How else would you explain the sudden rise in malware circulation and phishing emails in the holiday season? Sony PlayStation and Microsoft Xbox received bad publicity last year with the so-called ‘Christmas Hack’. It is also happening with holiday companies like Sheraton and Westin chain and Trump Hotels.

Major Web and Mobile Application Changes

People are keener to spend money in December around Christmas and New Year across the sectors. That is probably why almost all marketing and sales efforts are on hold just before the winter holidays.


Both B2B and B2C companies invest heavily in winter sales surge activities, where security often takes a back seat. It is also a huge bid on closing the last quarter of the year on a high. Both traffic and online payments obviously rise within these months, leaving little time to focus on anything else.

In one of our previous posts, we have already talked about how overlooking cybersecurity and updates may lead to undetected OWASP vulnerabilities that pose data breach and server downtime risks. Shouldn’t it be the first step to making people comfortable with sharing card info online and of course to prevent exploitation? Unfortunately, many organizations know little about it.

We understand that cybersecurity can often be daunting. What are the matters that you should really look into? Why is there a new kind of threat every few weeks? How can someone monitor threats?

Proactive Application Protection

Gartner estimates that 70% of all hacks happened at the application layer. These apps are complex to build and even more complex to find out what is wrong with them, given that a major chunk of the code comes from the Open Source.  In fact, last December only AliExpress from Alibaba Marketplace was detected with Cross-Site Scripting (XSS) vulnerability that allowed attackers to take over a few of the merchant accounts.

So, what’s the solution? It is critical for organizations to find out weaknesses within the framework even when human resources are unavailable or just too busy for the task. That is when Web Application Scanning becomes so critical. It not only finds vulnerabilities continuously but also helps you prioritize on what needs your attention first.

Web Application Firewall is the other important piece of the process that blocks attacks from hackers even when you cannot repair or patch the application. It becomes even more important if the package includes DDoS Protection, which is a major cause of concern for most businesses during the holiday season.

Security That Never Sleeps, Or Takes Vacations

No matter what kind of security mechanism you invest in, machine logic has limitations. Take business logic vulnerabilities for instance. A business logic flaw is an application vulnerability, which arises by circumstantial security weakness.

Machines, unlike human brains, work on simplified binary logic. They respond to conditions that must lead to a simple ‘YES’ or ‘NO’, and absolutely nothing between it. On the other hand, people running businesses think. They make decisions. Often quickly, frequently, and making them out most of the available information, which can create logic loopholes that even automated scanning cannot detect.

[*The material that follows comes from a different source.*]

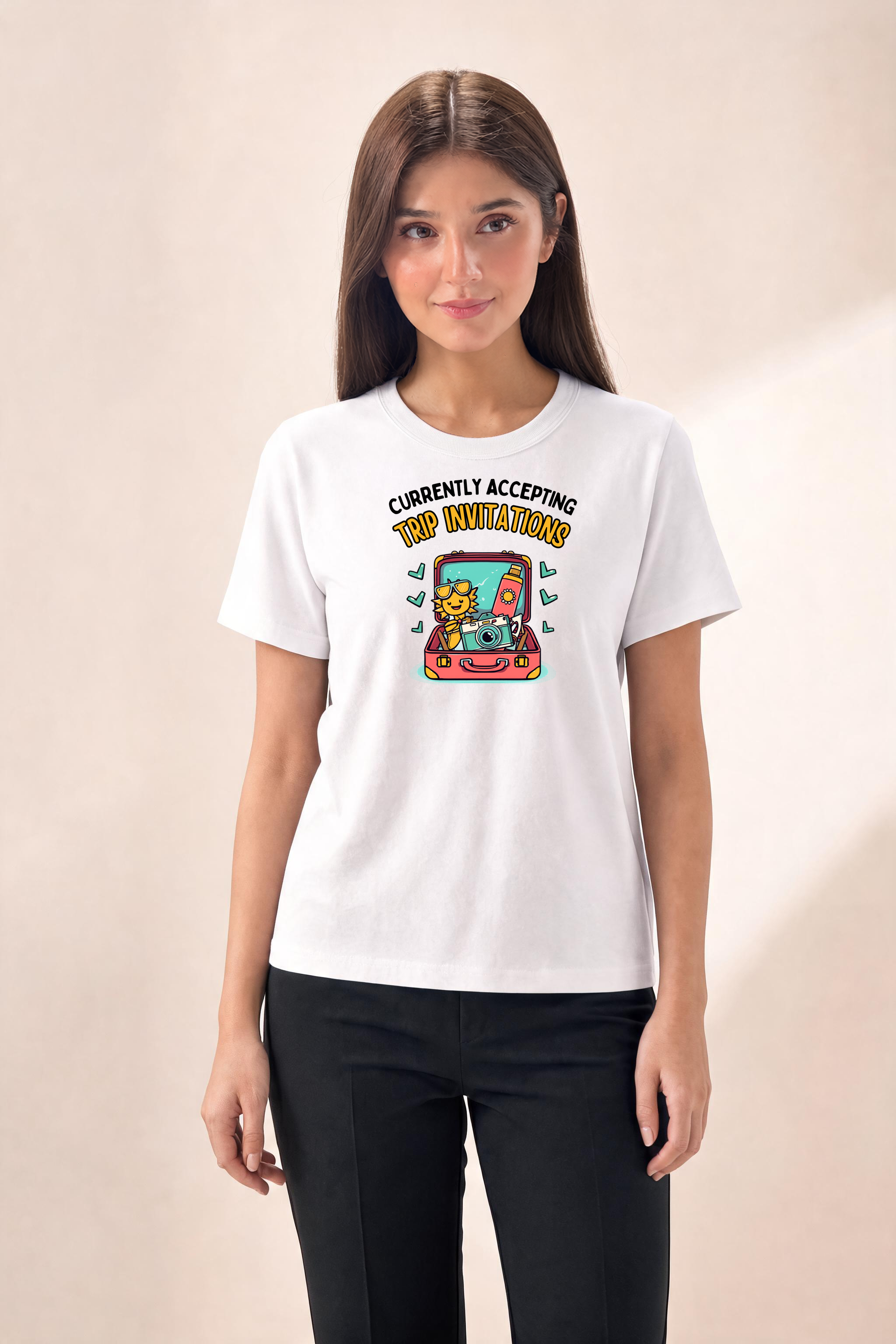 Dynamic Travel Invitation T Shirt Illustration Premium Tee — Female Model (White)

False-positive is one of such problems that cost companies millions every year. It is basically a false alarm caused by a flaw in logic. Think of a security guard whose job is to keep suspicious individuals out of your property, but who instead denies access to your family members due to some misplaced understanding of what you told him. Wouldn’t that frustrate you to a level of firing that security guard? That is something that a Web Application Firewall can face too.

That is why larger organizations will inevitably look for security options that bring the human advantage to the equation.

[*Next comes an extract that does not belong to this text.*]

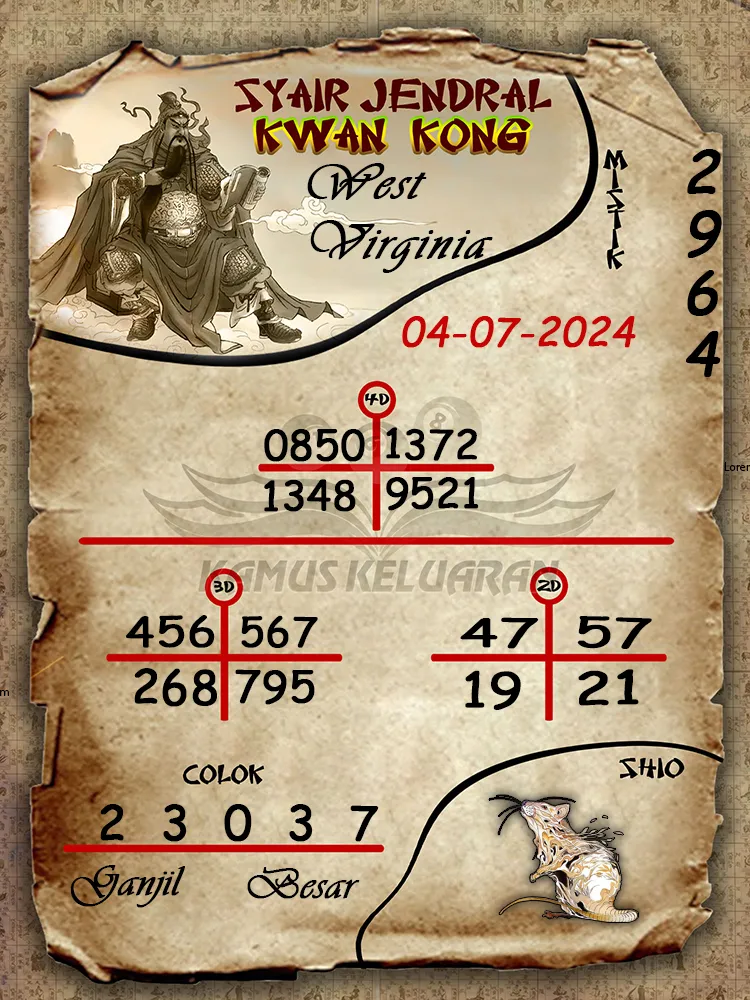 syair jendral kwan kong West Virginia 04 07 2025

Since we have already talked about how human involvement decreases around the holiday season, how about a cybersecurity team that will be working for you day in and day out?

Indusface’s Total Application Security is a completely managed web application scanning and firewall solution. It allows you to focus on key business activities at any time of the year while a dedicated cybersecurity team looks at your security on the concept of ‘Detect, Protect, and Monitor.’

Venkatesh Sundar

Venky is an Application Security technologist who built the new age Web application Scanner and Cloud WAF - AppTrana at Indusface as a Founding CTO. Currently, he spends his time on driving Product Roadmap, Customer Success, Growth, and technology adoption for US businesses.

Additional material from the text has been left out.